Information supplied

--- START ---

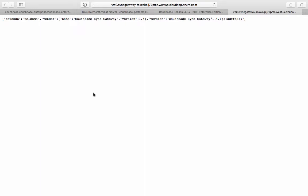So that's it — a few clicks and wait about five minutes, and we have a cluster up and running and ready to use on Azure. If you have any questions about this, feel free to drop me a line, and I'm more than happy to help out. Thanks.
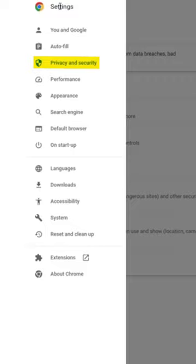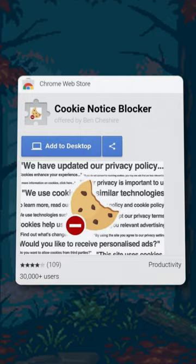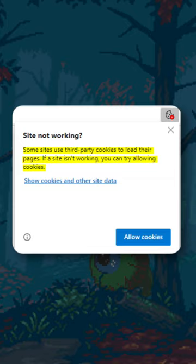You can set up a cookie blocker in your browser, or install a special extension that will block cookies. But some sites won't allow you to use them if you don't accept cookies.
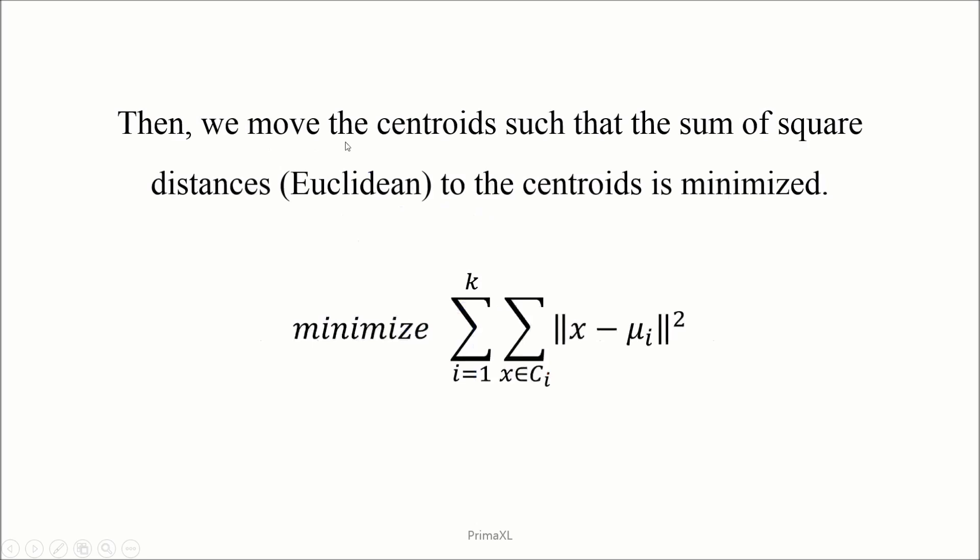Then the idea is to move the centroids in such a way that the sum of square distances between the observations and the centroids is minimized. The distance metric that we are using here is the so-called Euclidean distance.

--- END ---

Would you please write out exactly the lines between the line containing "You can set" and the last line of the listing above, inclusive, without pictures?

Expected output
You can set up a cookie blocker in your browser, or install a special extension that will block cookies. But some sites won't allow you to use them if you don't accept cookies.
Then the idea is to move the centroids in such a way that the sum of square distances between the observations and the centroids is minimized. The distance metric that we are using here is the so-called Euclidean distance.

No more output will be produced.